Bravo. I don't think I'll ever have enough time to confidently and efficiently set up stobes in manual mode. I'm sure I could figure it out using tables, trial-and-error and other methods, but I don't do it every day (nor do I think I ever will), so there is no advantage to manual flash when I can just set up camera in manual mode, and play around with ISO, shutter speed and FEC and get similar results in about the same (or less) amount of time....I kinda go with what I heard Syl Arena say, that he only uses ETTL when the distance between the lens and the subject are moving....
With all due respect to Syl Arena, Joe McNally, Strobist and all the other advocates of manual flash, they have thousands upon thousands of hours of experience working with strobes and know them inside and out. While it's a good exercise to try to learn manual controls, to me it's a little like the original topic of this thread: if a tool is available that makes your life easier, why not use it?

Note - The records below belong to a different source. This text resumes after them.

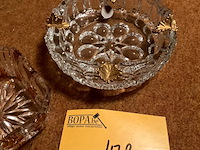 Lot 478 - kristallen asbak/vierkantig kristal bakje, 2 stuks - afbeelding 2 van  3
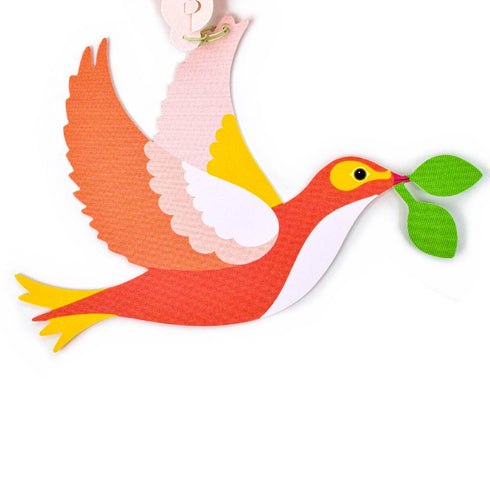 美しい赤い鳥が植物を運んでいるモチーフです。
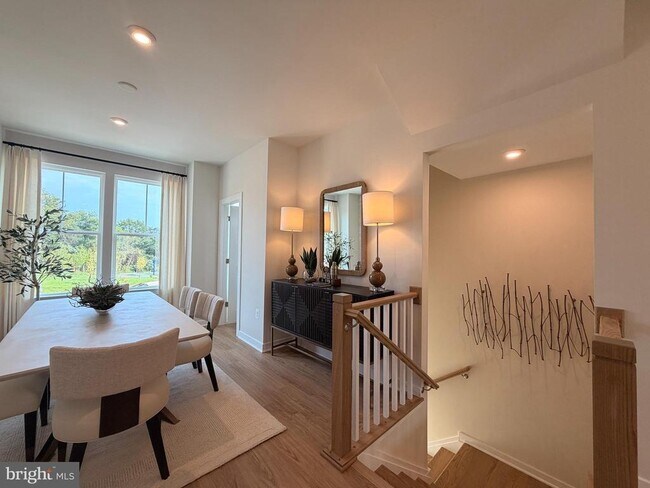 Foto del edificio - 8889 QUEENSFERRY Rd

If I live long enough, I may someday have enough experience to confidently set my speedlights on full manual. But, in the meantime, I figure I paid for Canon's top line strobes so I might as well take advantage of the technology they offer. As so many others have said about the original topic of this thread: it's about the results, not about how you got there.
How about a lightmeter?
Instead of shooting a lot to try to get the flash to fire the way I want, I simply use a lightmeter, set the flash, turn it off, do the next one and turn all of them on, it's done within three minutes, and then I can shoot and move, and no matter if I move so that I have the flash directly to the camera or hidden I ALWALYS know I have the exact same light hitting the subject. That's why I always use manual flash. I have shot with ETTL and found it very frustrating that I had to stand in the same place or the exposure would change, for example having a flash towards the camera suddenly everything is three stops under.
Manual flash sounds difficult, while it's really the opposite.